Why Does No One Play Mendelssohn?

available at Amazon
Mendelssohn, Piano Pieces and Transcriptions, B. Chamayou

(released June 24, 2008)
Naïve V 5131

Online scores:
Felix Mendelssohn, Piano Pieces
Up-and-coming French pianist Bertrand Chamayou has played here in Washington at least once, in 2006, the same year he was on the roster at the Gstaad Festival, but I was not able to hear him. I trust that Roland Celette, the ever-vigilant Cultural Attaché at the French Embassy, will bring him back to Washington eventually. In the liner notes for his first disc on the Naïve label, Chamayou asks the question, Why do "the vast majority of pianists so seldom frequent the works of Mendelssohn?" It's true that, in my memory of being a piano student, only one of my fellow-sufferers was ever assigned Mendelssohn by a teacher, and that was a set of Songs without Words, which are the pieces one is likely to know. Is the music worth knowing?

Mostly it is, at least with Bertrand Chamayou to champion it. True, some works still feel like empty showpieces, no matter how brilliant Chamayou's fingerwork (the op. 104 etudes, possibly excluding no. 2). The third etude in that set would make a knock-out encore piece, especially after a Spanish-flavored program. In fact, so much of the Mendelssohn piano corpus would work beautifully as encore pieces, which says something about it. Much of the program consists of sparkly miniatures (a prelude, several Songs without Words), but it is anchored on three more substantial pieces, none of them all that familiar. The Variations sérieuses, composed to raise money for the construction of a monument to Beethoven in Bonn, veer between flashy technical excesses and somber, Bach-influenced counterpoint. The Rondo capriccioso, op. 14, may have a pretty vapid slow section, but the Presto is a romp of gossamer-winged lightness, taken here at a death-defying tempo. The two (of three) Caprices, op. 33, are longer works but noteworthy more for their technical challenges than their musical interest.
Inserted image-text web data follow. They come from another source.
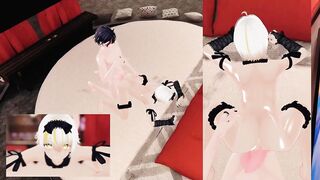 POV destroyed in VR gay hentai 3DCG japanese sex
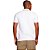 Camisa Polo Aramis 4 Frisos Ve25 Branco e Cinza Masculino - Imagem 2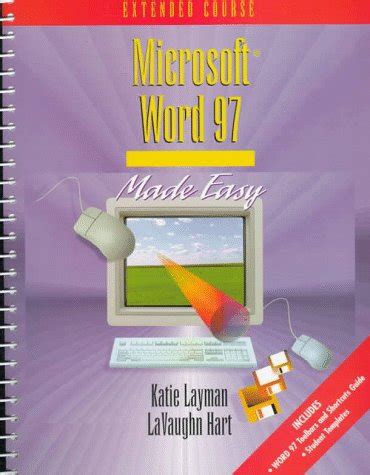 Microsoft Word 97 Made Easy Extended Course Books Reader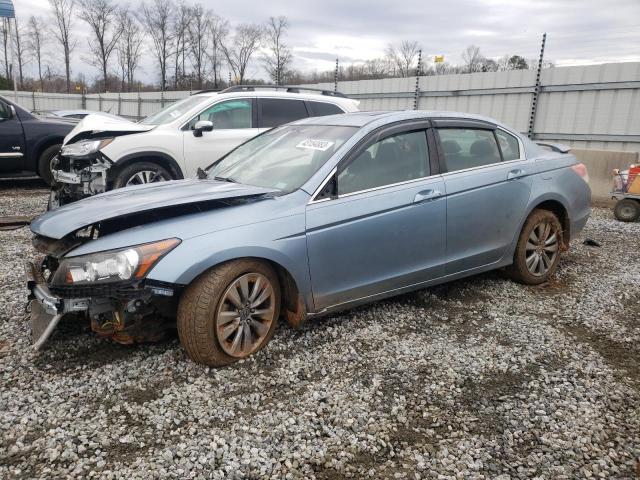 HONDA ACCORD EXL 2012 1hgcp2f84ca135810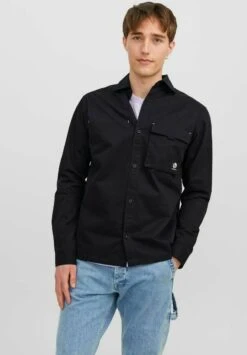 Jack & Jones Einfarbiges - Overhemd - Black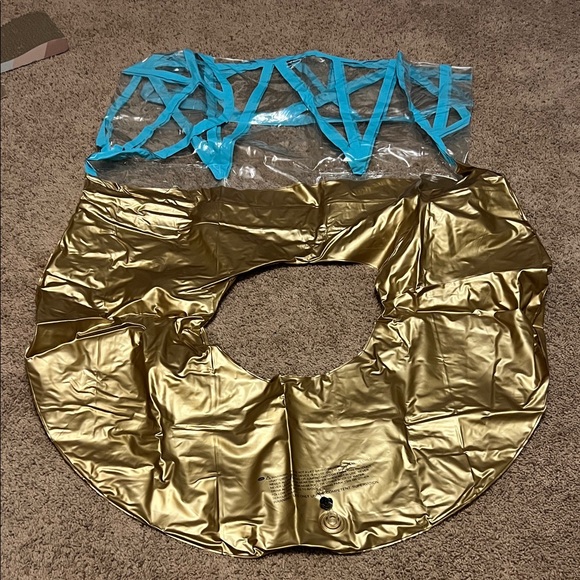 Ring Inflatable Pool Float - Picture 1 of 6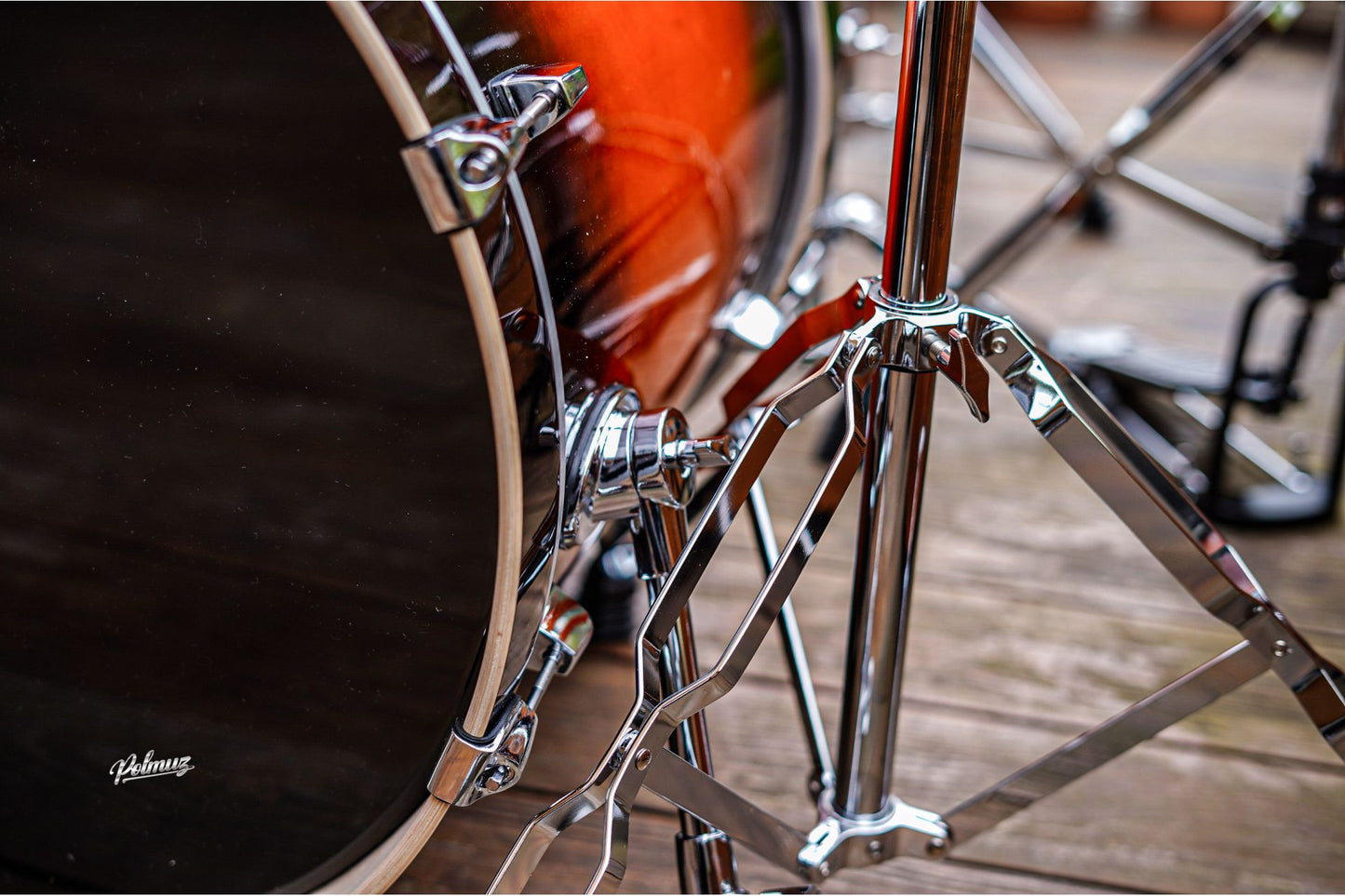 Polmuz Birch Model 3 (18/12/14/14) Red Fade — zdjęcie 6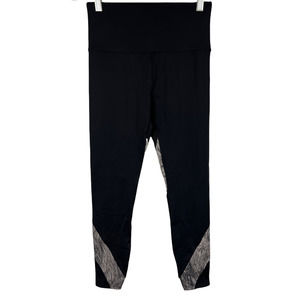 Soulgani Active Regular California Love Twin Soul Leggings Black X-Small Size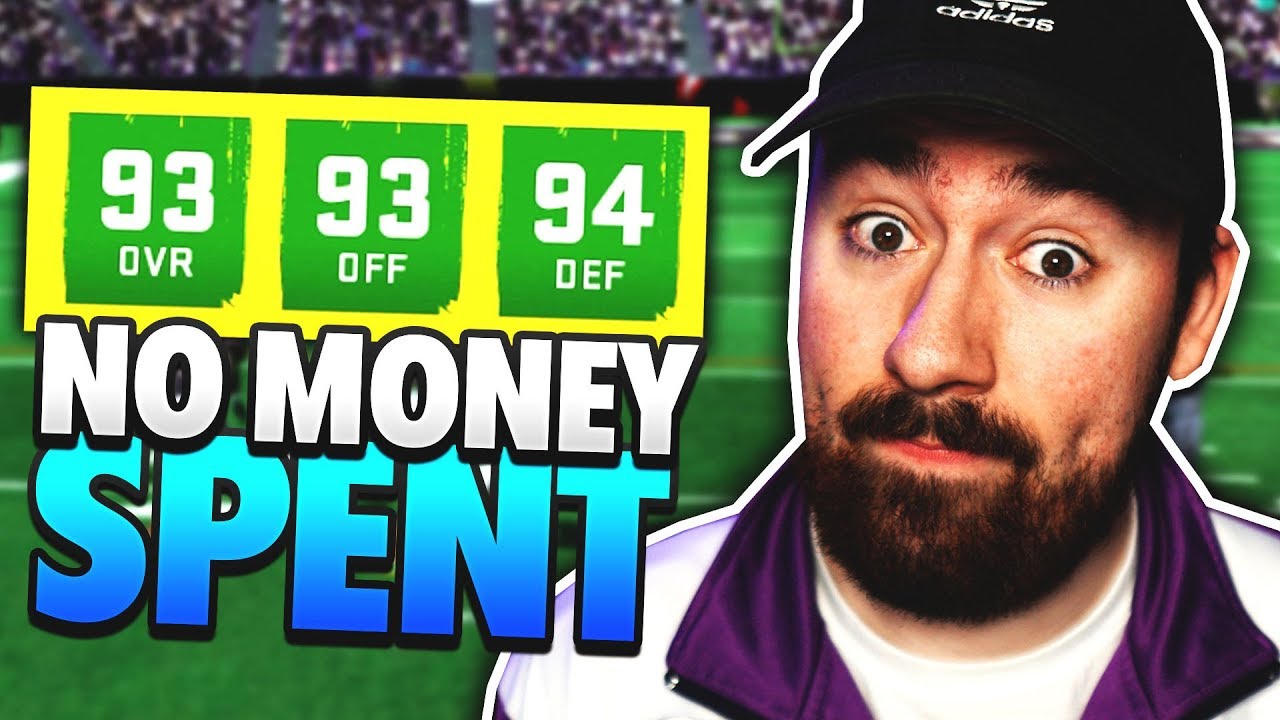 How to build the best MUT GOD SQUAD as a NMS player! No Money Spent Ep. 78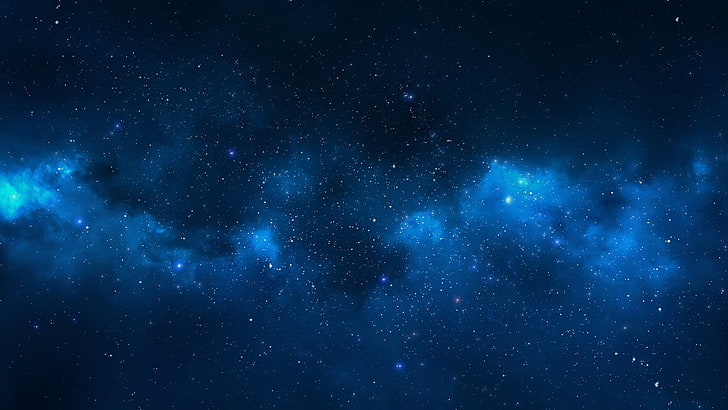 Night Sky Scenery, glowing, space, astronomy, supernova Free HD Wallpaper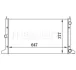 Радіатор двигуна (мкпп) FORD GALAXY I, GALAXY MK I SEAT ALHAMBRA VW SHARAN 1.9D/2.0 03.95-03.10 THERMOTEC D7W031TT (фото 2)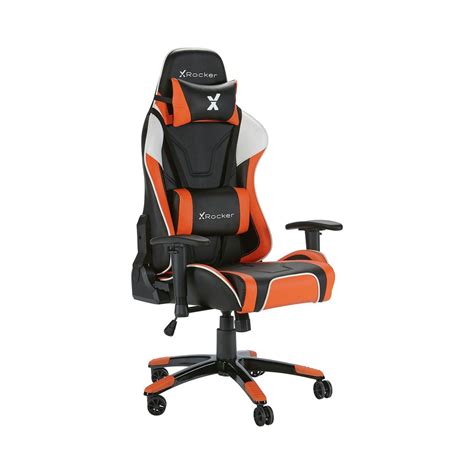 Orange Gaming Chair Uk Sherika Register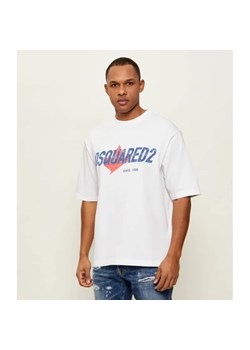 Dsquared2 T-shirt | Loose fit ze sklepu Gomez Fashion Store w kategorii T-shirty męskie - zdjęcie 189040361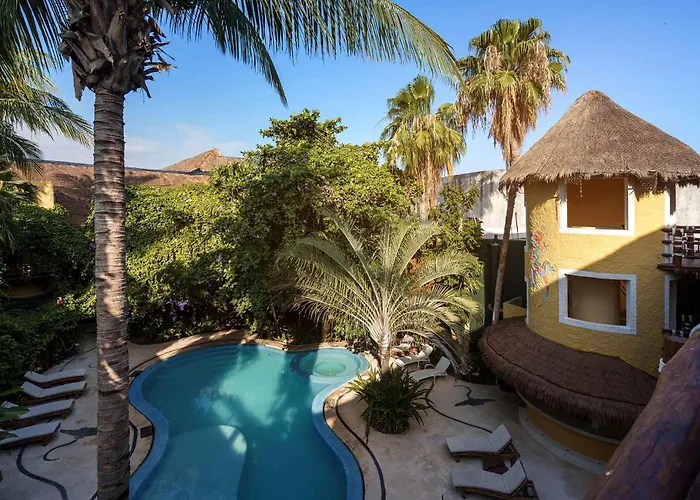 Hotel El Pueblito Isla Holbox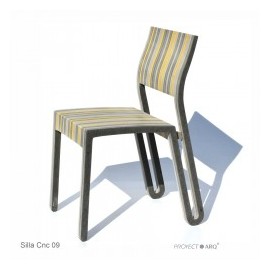 Silla Cnc 09 de Madera Valcromat
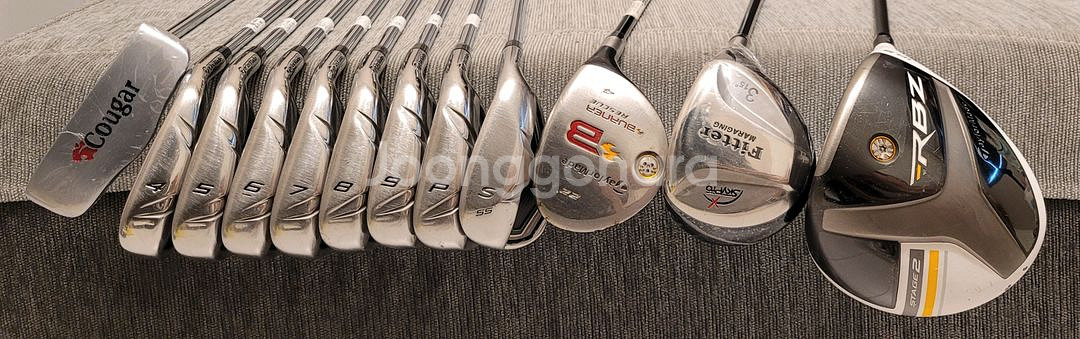 + 테일러메이드 + 남성용 골프채 풀세트--3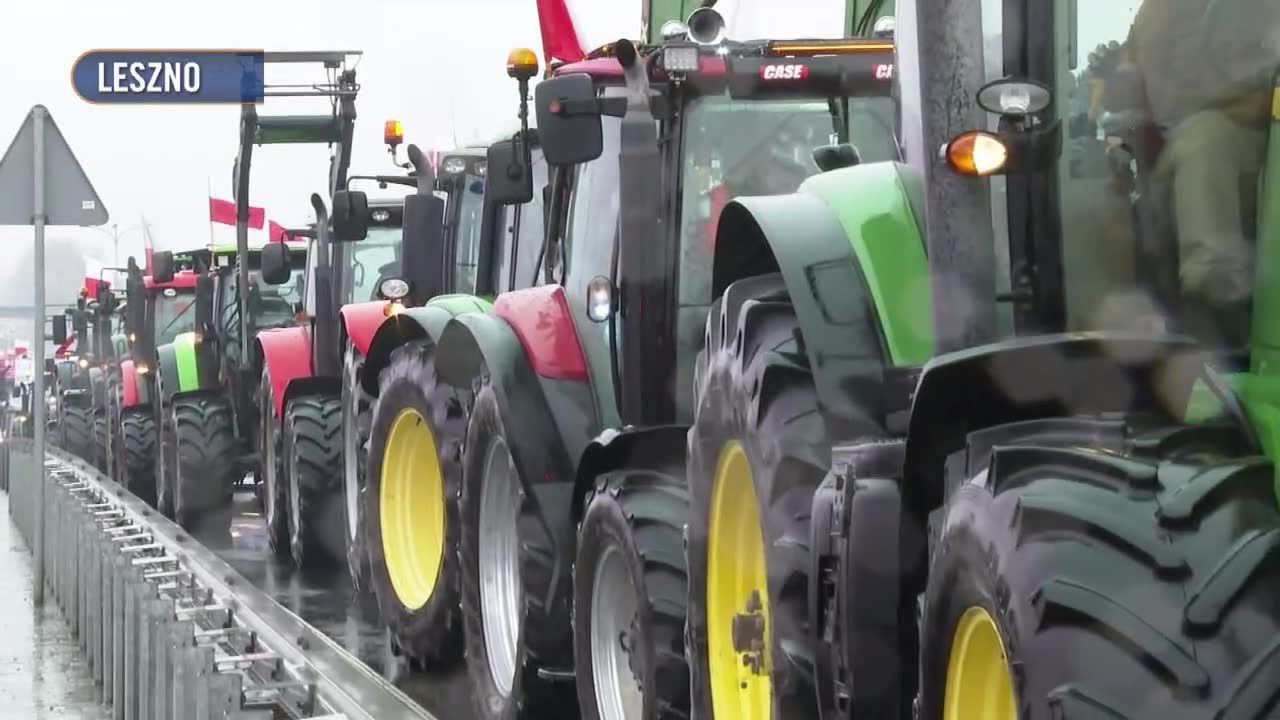 Ostrzeżenie dla kierowców. Wtorkowe protesty rolników mogą sparaliżować ruch w całej Polsce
To round out the tribute, Chamayou includes three Mendelssohn transcriptions, concluding with the famous Scherzo from Midsummer Night's Dream arranged by Rachmaninoff -- a whole lot of repeated notes that sound impressively light and airy. Two songs arranged by Liszt include Auf Flügeln des Gesanges, from Sechs Gesänge (op. 34, no. 2), on a poem by Heinrich Heine, and Suleika (op. 57, no. 3), on a poem by Goethe, both mostly in the dreamy Liszt style rather than the outrageous one. Throughout, Chamayou's pianism is athletic, sure-fingered, and fleet, making for diverting listening. American listeners can hopefully look forward to Chamayou's first recording, of Liszt's Transcendental Etudes, and his latest project, the Vingt Regards sur l'Enfant-Jésus, for the Messiaen Year.

65'10"

1 comment:

Anonymous said...

Horowitz gave Op. 104b/3 as encore a few times in the late 1960s, and yes, it's quite effective an encore (CBS). Rachmaninov himself recorded Nos. 2 and 3 of Op. 104b (RCA).

As for Op. 104b/1, try Sergio Fiorentino*. The master gives it a soulful interpretation, making it sound hardly like an empty showpiece (at least to these ears).